While there have been a number of factors driving costs down — including a decline in natural gas commodity prices, driving down input costs at oilsands businesses — the single largest contributing factor to the reduction in costs has been an improvement in reliability, IHS Markit vice-president, North American crude oil markets Kevin Birn said.
“I have been surprised at the degree to which they’ve delivered those reductions,” Birn said, adding that debottlenecking projects and other cost cutting drives have also had a dramatic effect.
In addition, now just a handful of companies own the majority of oilsands producing assets, which has also eliminated the inflationary pressures in the basin as CNRL, Suncor Energy Inc. and Cenovus Energy Inc. have spent billions buying up assets from foreign firms exiting the play.
Five years after oilsands operations had a reputation for being among the most expensive oil operations globally, Birn said the business has changed. “I call it utility style oil,” he said, noting the companies are now driving the cash they generate into returns rather than plowing that money back into new growth projects.
Thanks to cost cutting and also a string of opportunistic acquisitions, they’re also generating more cash amid lower oil prices.
A comparison of 2014 and 2019 results show that cash flows at the six largest oilsands companies in Canada are up 19 per cent at a time when realized bitumen and Western Canada Select heavy oil prices still haven’t recovered to what they were pre-2014 oil price crash. The West Texas Intermediate benchmark oil price traded at US$55.25 per barrel on Friday, whereas WTI traded over US$100 per barrel for the entire first half of 2014.
However, you wouldn’t know that looking at the stock performance of these companies, or indeed at the broader energy sector.
“Generally, broadly speaking, energy is an unloved sector,” said Jennifer Rowland, a St. Louis-based oil and gas analyst for Edward Jones, who covers both U.S. and Canadian oil producers. “It just seems like the industry can’t win.”
The S&P/TSX Capped Energy Index is down 5.18 per cent year-to-date, even as the Standard & Poor’s U.S. Energy Index is up 5 per cent during the same period. U.S. crude is up 22 per cent for the year.
It just seems like the industry can’t win
Jennifer Rowland, analyst, Edward Jones
For oilsands producers, Rowland said, costs have come down dramatically but they also started at the higher end of the cost curve and “it’s not like they’re taking costs out and everybody else is standing still.”
In 2014, she said, generalist and institutional investors wanted to own oil and gas stocks for their growth. Fund managers who want that type of growth in their portfolio have shifted their money into the tech sector.
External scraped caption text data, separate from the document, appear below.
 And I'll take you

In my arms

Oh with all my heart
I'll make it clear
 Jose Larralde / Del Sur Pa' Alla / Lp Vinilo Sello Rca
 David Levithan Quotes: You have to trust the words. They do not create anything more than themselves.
Now, they want to see oil and gas companies demonstrate that they can be value-oriented stocks rather than growth, and more energy companies need to demonstrate their cost-discipline in order to be rewarded as value holdings.
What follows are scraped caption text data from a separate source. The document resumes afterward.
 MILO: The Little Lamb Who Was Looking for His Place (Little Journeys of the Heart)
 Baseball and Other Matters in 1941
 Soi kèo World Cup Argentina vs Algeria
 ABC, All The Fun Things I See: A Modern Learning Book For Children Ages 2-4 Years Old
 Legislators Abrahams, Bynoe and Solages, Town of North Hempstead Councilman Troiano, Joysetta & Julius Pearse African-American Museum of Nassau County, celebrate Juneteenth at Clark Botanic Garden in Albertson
Oilsands companies are also making increasingly bold moves to try and demonstrate this to investors — in some cases, acting completely opposite to actions taken in the lead up to 2014, when the oilsands were the world’s hottest energy play.
At MEG Energy Corp., for instance, president and CEO Derek Evans announced the company was not going to renew one of its leases on a future growth project and would instead “let those lands disappear” rather than pay the increasing annual rent on the land.
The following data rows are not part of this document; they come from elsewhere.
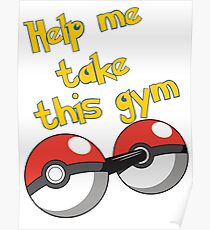 Help me take this Gym! - Pokemon Poster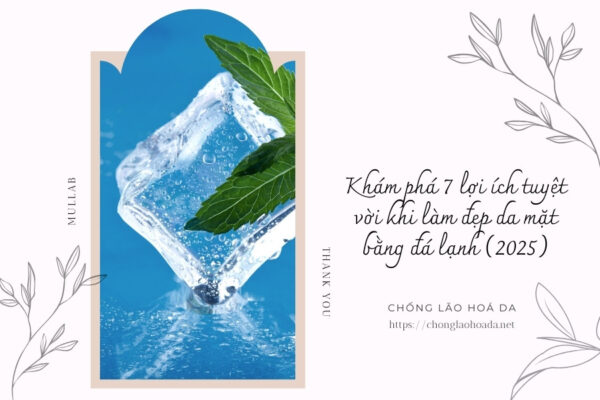 Khám phá 7 lợi ích tuyệt vời khi làm đẹp da mặt bằng đá lạnh (2025)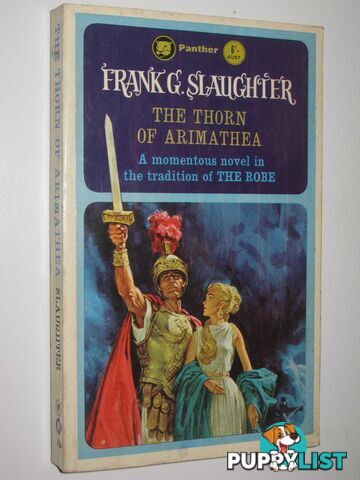 The Thorn of Arimathea  - Slaughter Frank G. - 1965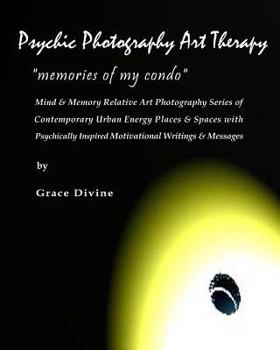 Psychic Photography Art Therapy "memories of My Condo": Mind & Memory Relative Photography of Contemporary Urban Energy Places & Spaces with Psychically Inspired Motivational Writings & Messages (the 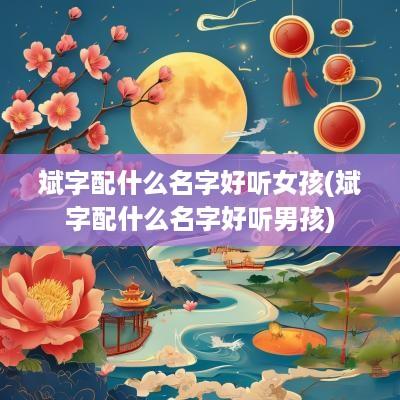 斌字配什么名字好听女孩(斌字配什么名字好听男孩)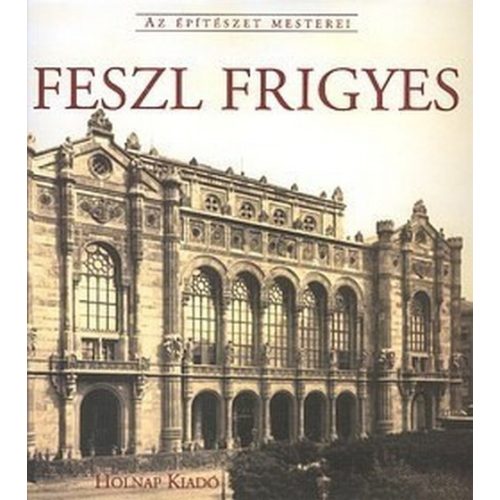 Feszl Frigyes - Az építészet mesterei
Still, generalist and institutional investors are staying on the sidelines, Rowland said.
Looking at Suncor Energy Inc.’s ability to generate $3.4 billion in cash from operating activities last quarter, she said, “These are the kind of stocks that investors should want to own.”
However, given the buyers’ strike, she said it was “just not fun right now” to be in the oil business or to be an analyst covering it.
“General investors are saying, ‘To heck with energy,’” she said.